Hoy, la calidad de la universidad refleja en una importante medida la de la empresa privada y de la organización estatal en cada sociedad. Cuando la misión de la universidad parece ser -en términos prácticos- proveer profesionales baratos para un sector privado que subsiste de franquicias y subsidios, y una burocracia estatal tan ineficiente como frondosa, resulta evidente que todas las partes se complementan. Por lo mismo, el problema de la universidad en nuestros tiempos no consiste en administrar su propia obsolescencia, sino en transitar con claridad de miras y entorno hacia una relación nueva entre la economía, la sociedad y la gestión del conocimiento en una circunstancia histórica inédita.

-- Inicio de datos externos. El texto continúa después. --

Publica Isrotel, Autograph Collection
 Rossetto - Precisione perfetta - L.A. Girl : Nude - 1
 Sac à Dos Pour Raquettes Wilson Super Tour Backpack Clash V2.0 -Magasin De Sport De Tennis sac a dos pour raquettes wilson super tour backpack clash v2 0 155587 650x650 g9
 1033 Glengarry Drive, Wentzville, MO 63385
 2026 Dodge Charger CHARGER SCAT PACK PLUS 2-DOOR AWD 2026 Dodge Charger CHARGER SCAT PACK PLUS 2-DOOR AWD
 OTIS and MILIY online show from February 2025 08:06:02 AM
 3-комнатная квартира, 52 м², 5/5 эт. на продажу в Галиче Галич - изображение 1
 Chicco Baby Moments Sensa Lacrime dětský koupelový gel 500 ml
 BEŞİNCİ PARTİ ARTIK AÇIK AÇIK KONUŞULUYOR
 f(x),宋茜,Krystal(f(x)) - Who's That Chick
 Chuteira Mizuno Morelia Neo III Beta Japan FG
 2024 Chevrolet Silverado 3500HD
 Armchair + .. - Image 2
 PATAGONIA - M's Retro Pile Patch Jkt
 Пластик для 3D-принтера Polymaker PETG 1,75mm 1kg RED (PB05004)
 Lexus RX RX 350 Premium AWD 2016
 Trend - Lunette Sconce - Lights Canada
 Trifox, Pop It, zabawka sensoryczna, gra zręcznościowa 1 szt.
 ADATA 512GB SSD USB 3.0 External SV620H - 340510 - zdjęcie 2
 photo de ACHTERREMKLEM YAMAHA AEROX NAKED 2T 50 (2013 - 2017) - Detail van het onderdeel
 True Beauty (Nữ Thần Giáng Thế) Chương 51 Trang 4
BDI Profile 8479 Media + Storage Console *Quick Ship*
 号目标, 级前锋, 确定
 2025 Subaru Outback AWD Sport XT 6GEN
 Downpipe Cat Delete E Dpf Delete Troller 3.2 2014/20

Los monasterios cistercienses cumplieron un importante papel en la consolidación y el progreso de la sociedad medieval, como lo cumplieron las universidades liberales de mediados del XIX en su relación con el primer capitalismo industrial. Hoy podemos entender con mucha mayor claridad las transformaciones en curso en las estructuras y modalidades de gestión del conocimiento que emergen en el desarrollo de la economía global. Por lo mismo, el debate que hace falta hoy es el destinado a objeto definir la sociedad que deseamos, para identificar el papel que la universidad puede cumplir en el proceso necesariamente colectivo de construirla.